Entries shown =>
######
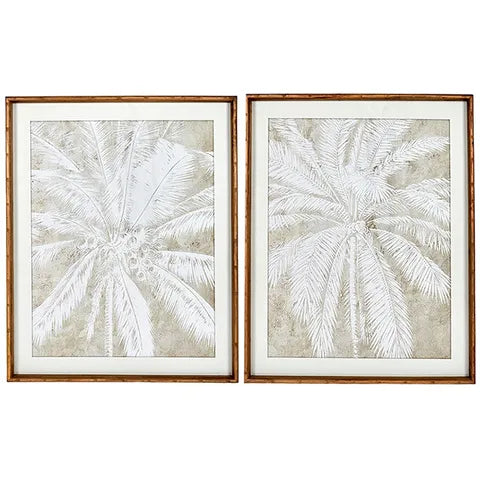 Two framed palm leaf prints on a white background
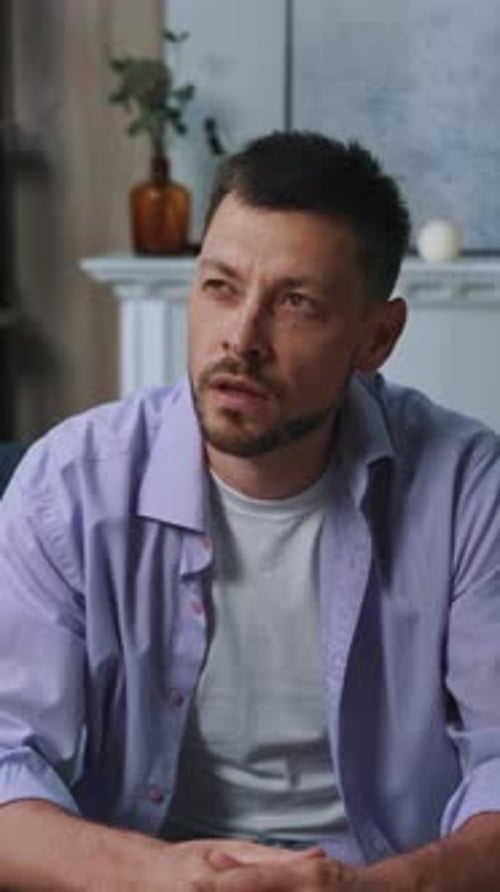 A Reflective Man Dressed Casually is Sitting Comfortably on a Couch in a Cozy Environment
######
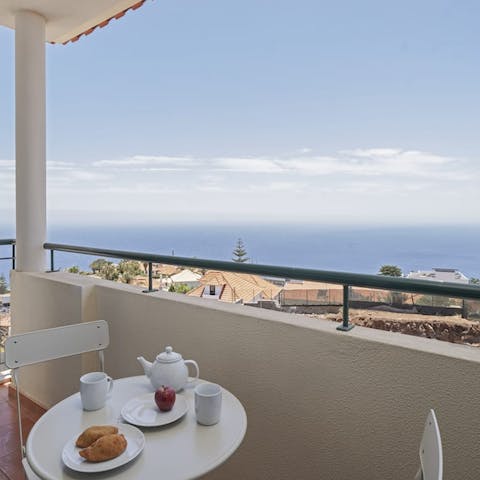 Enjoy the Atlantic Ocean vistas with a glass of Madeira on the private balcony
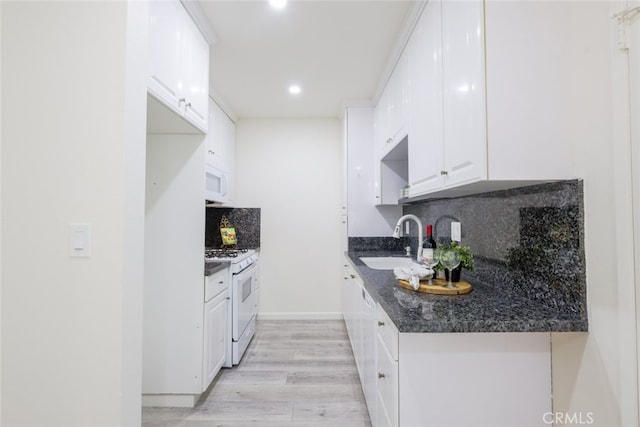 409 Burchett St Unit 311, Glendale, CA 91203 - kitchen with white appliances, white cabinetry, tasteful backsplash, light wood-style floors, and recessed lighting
######
Which part of the entries opens with the line containing "Two framed palm" and closes with the line containing "A Reflective Man"? Output that part exactly, ends included, pictures excluded.

 Two framed palm leaf prints on a white background
 A Reflective Man Dressed Casually is Sitting Comfortably on a Couch in a Cozy Environment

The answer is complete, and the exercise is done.